Julie stared at the small vial in her hand. She watched the sun glint off the liquid inside and thought of diamonds. She handed it back to her husband and saw a gleam of achievement in his eyes. He’d never looked prouder than he did today, not even on the day their son was born.
“But does it work?” Julie didn’t want to doubt his claim, but she had always been a realist. Andy was always coming up with crazy schemes – most of which never worked as intended. There was never a dull moment with him in her life. It’s why she had married him.
“It worked on the flowers.” Andy shrugged as if that was all the answer necessary.
“Andy…” Her tone was a warning of the one rule they had agreed upon when it came to his experiments – no human testing without the required research.
“I know, but –”
“No ‘but’. We made the rules for a reason.” Julie reminded him and agony of that memory painted itself on his face.
“Please, Julie. Don’t make me have to go through that again.” He gripped her hand, the vial pressed tightly between their palms. It dug into her, a reminder of the potential that lay within it. She wanted to believe, she wanted to throw caution to the wind. There was little left for her to lose besides her life, and even that was slowly being taken from her.
“I…” She had no good arguments. They’d stood side by side and watched this same disease take away their son. His attempt to save Zac had only accelerated the disease. So much precious time lost. It hurt her to think of it. She’d made him promise then ‘never again’. She used her free hand to wipe the tears that betrayed her resolve.
“Julie, if I fucked it up this time then neither of us will suffer. You don’t have enough time left for me to go through all the proper steps to make sure it’s perfect. Don’t you think that it’s worth the chance? If it works…” He pleaded desperately with her, not bothering to finish that last sentence. He’d already laid it all out for her earlier.
“Forever is a long time.” She whispered.
He smiled wanly. “If I’m with you, forever won’t be long enough.”
Such a romantic, he always had been. Any other time it would have made her smile, this time it only brought more tears. She wanted to say yes, but there were too many unanswered questions, too many things that could go wrong. “I don’t know what to do.”
“Say yes.” He squeezed her hand tighter and, for a second, she thought the vial might break.

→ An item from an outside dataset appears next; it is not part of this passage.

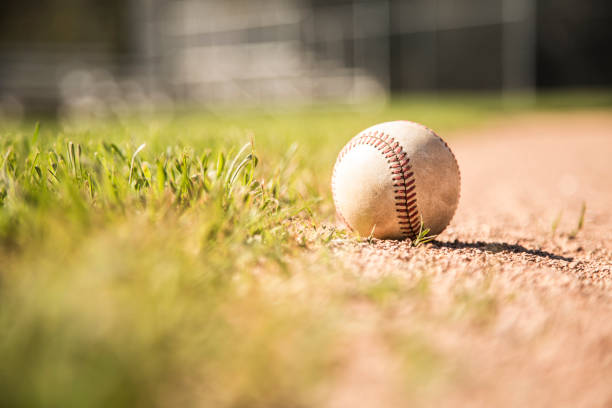 baseball season is here.  weathered ball on field. - baseball field grass baseballs imagens e fotografias de stock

If that happened, there would be no chance for her to change her mind.
“Yes,” she said and squeezed back. Crack. No chance to take it back now, the liquid had been released.
“We’ll be stars,” he whispered as her skin began to tingle. She stared at where their hands joined. They blurred together as the tingling spread up her arm, a gentle glow – diamonds she thought again – flowed from them as hands became nothing more than stardust. Mingling, spreading.
Her arm disappeared and she looked at Andy. He was grinning at her as his face, his smile disappeared, but she could remember them – see them in her mind. Did she have a mind? She didn’t know. Everything disappeared, but she somehow could tell that Andy was still with her.
Forever. Together forever, just as he had promised. Her, him, and the stardust.